Where the other behavioral spheres are growth areas, this change is experienced as a loss. And the grieving process has not been graceful. It is a sad irony that, while many countries around the world are now able to carefully resume the economic and cultural activity that happens in person, in public, the U.S.’s intransigence is prolonging the need for distancing in a way that will ultimately deepen the impact of these alternative, adaptive consumer behaviors.

Implications for Business

Due to this tension, designing for new behaviors around PPE and distancing within public and commercial spaces is an essential strategy for businesses. Quarantine solutions like curbside pickup shouldn’t be seen as short-term adaptations but long-term additions to your experience and offerings.

This moment demands incredible flexibility from businesses, but operations have become so efficient that there isn’t often a lot of slack in the system. The Cheesecake Factory experimented early on with one way of alleviating pressure, but many businesses, rather than get creative, only tried to wring more blood from the stone of low-wage essential workers. Economic exploitation, coronavirus, and the current expression of the movement for Black Lives are not incidental to each other, but intimately tied together.

It is similarly not a coincidence that many of the companies and industries with the most extractive arrangements are the least sustainable now. Business leaders need to look critically at the practices that make it impossible, and the systems that make it unethical, to respond to this challenge with flexibility, and try to imagine new ways of doing business. Because if we learn anything from the way this first attempt to “open up the economy” has fared, it should be that things aren’t going back to normal just because we want them to.

Growing Trends in This Space

• Labor and rent strikes
Mutual aid groups and community bartering
• Drive-in and drive-up services (churches, restaurants, theatres)
Car-free urban spaces
Cashless (touchless) transactions

What Should You Do?

Digital Commons: Go big!
Don’t be afraid of a digital revolution.
How can you rethink your offering for a world where value isn’t just in physical things and spaces, but also in virtual ones?

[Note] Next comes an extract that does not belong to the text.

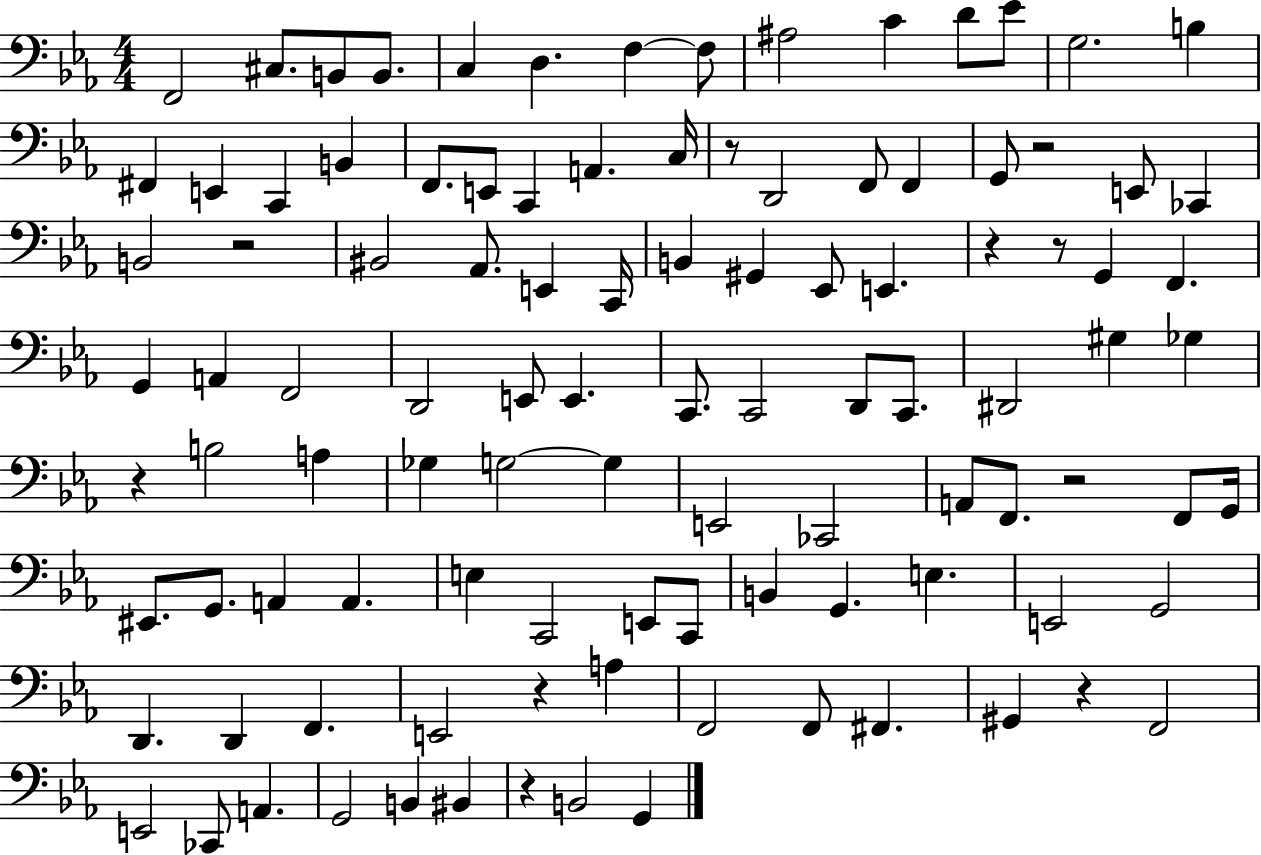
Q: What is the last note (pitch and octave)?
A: G2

Off the Grid: Go deliberately!
Consumers are doing things differently–you can, too.
How can you take a step back to align with what people really need?

Homebody Economy: Go home!
Invest in your platform.
How can you connect people in smart ways? How does your experience need to change when it’s delivered remotely?

Main Street: Go with the flow.
For the time being, the behaviors that used to be concentrated in this space–community, entertainment, experience, retail therapy–will disperse across the rest of the matrix. Lean into it.